Given a dictionary of keys and weights, choose a random key based on its weight.

def weighted_choice(states):
    n = random.uniform(0, sum(states.values()))
    for key, val in states.items():
        if n < val:
            return key
        n -= val

Something went wrong, don't make a choice.

    return None

if __name__ == '__main__':

Load some data from a text file named data.txt Open the file containing the data, and read it into a variable. The file might look something like:

WORK IN PRAGUE\n Low comedy's got the new shine.\n Defiant luster.\n The three film score.\n No claims between updates and rehearsals.\n Always admired.\n

    file = open("data.txt")
    data = file.read()

Clean up the data by removing punctuation and replacing newlines (\n) with spaces. Cleaning is typically the hardest part, since you'll encounter a lot of weird stuff out in the wild.

    data = remove_punction(data).replace('\n', ' ')
    parsed_data = data.split(' ')

Create the Markov Chain. I use defaultdict as a simple (error-free) counter. This just means that every key in the dictionary has a default value. If a key isn't in the dictionary then it will automatically have a value generated. The lambda: defaultdict(int) means the default value will be another dictionary which sets the default values to zero.

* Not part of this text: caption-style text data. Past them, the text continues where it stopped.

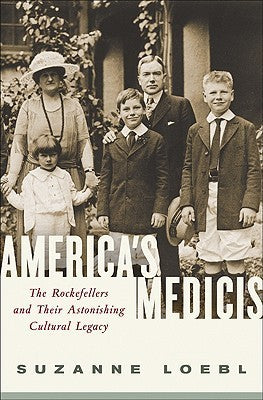 Book cover of America's Medicis: The Rockefellers And Their Astonishing Cultural Legacy by Suzanne Loebl
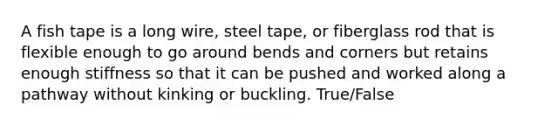 A fish tape is a long wire, steel tape, or fiberglass rod that is flexible enough to go around bends and corners but retains enough stiffness so that it can be pushed and worked along a pathway without kinking or buckling. True/False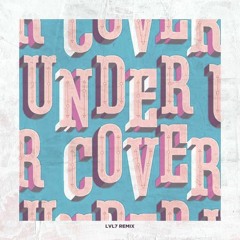 Kehlani - Undercover (LvL7 Remix)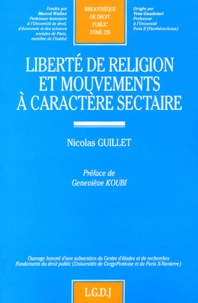 Nicolas Guillet - Liberté de religion et mouvements à caractère sectaire.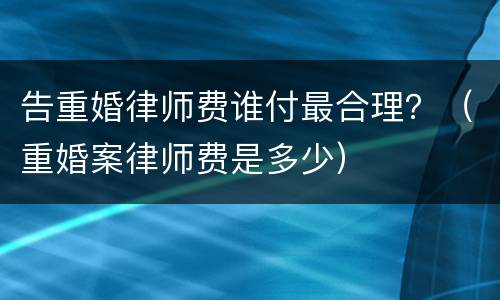 告重婚律师费谁付最合理？（重婚案律师费是多少）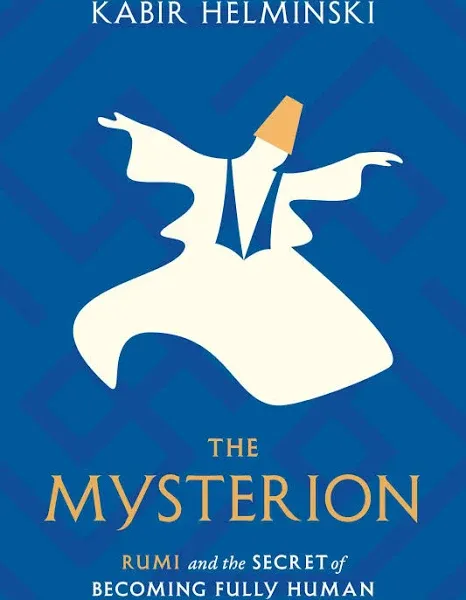 The Mysterion: Rumi and the Secret of Becoming Fully Human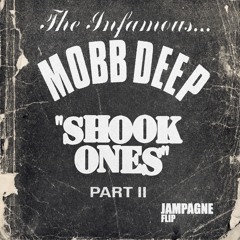 Shook Ones, Pt. II (JAMPAGNE Flip)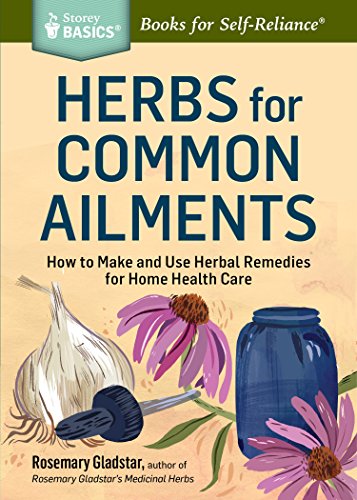 Herbs for Common Ailments: How to Make and Use Herbal Remedies for Home Health Care. A Storey BASICS® Title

So if you wrote markov['test'] you would get a defaultdict. Going one step further, you could write markov['a']['b'] which would result in 0. This let's you write a counter in the form markov['a']['b'] += 1 without getting a KeyError.

    markov = defaultdict(lambda: defaultdict(int))

Now split the input data into trigrams for parsing.

    for (w1, w2, w3) in get_trigrams(parsed_data):

Use lowercase to normalize the data.

        w1 = w1.lower()
        w2 = w2.lower()
        w3 = w3.lower()

Update the tally for this combination.

        markov[(w1, w2)][w3] += 1

You can use the following code for a preview of the Markov Chain probabilites: for state in markov: print('%r => %r' % (state, markov[state]))


Use random to pick a random initial state (or set it yourself).

    start_state = random.choice(list(markov.keys()))

You can preview it by writing print("Initial State: %s" % repr(start_state))


Now start 'walking' along the Markov Chain to generate stuff. Unfortunately, the hard part is knowing when to stop. Here I say I want sentences no longer than 15 words, and if there's a dead-end, stop immediately. Naturally, there's much better ways to do this.

    s1, s2 = start_state
    max_length = 15
    result = [s1, s2]
    for i in range(max_length):
        next_state = weighted_choice(markov[(s1, s2)])
        if next_state is None: break
        s1 = s2
        s2 = next_state

Now we convert the data to regular string.

    generated_text = ' '.join(result) + '.'
    print("Generated Text: %s" % generated_text)

Enjoy! Sometimes Markov Chains are great, sometimes they are finicky, and you probably need a lot of data to get coherent/good results from them. They're definitely a good starting place for content generation, though.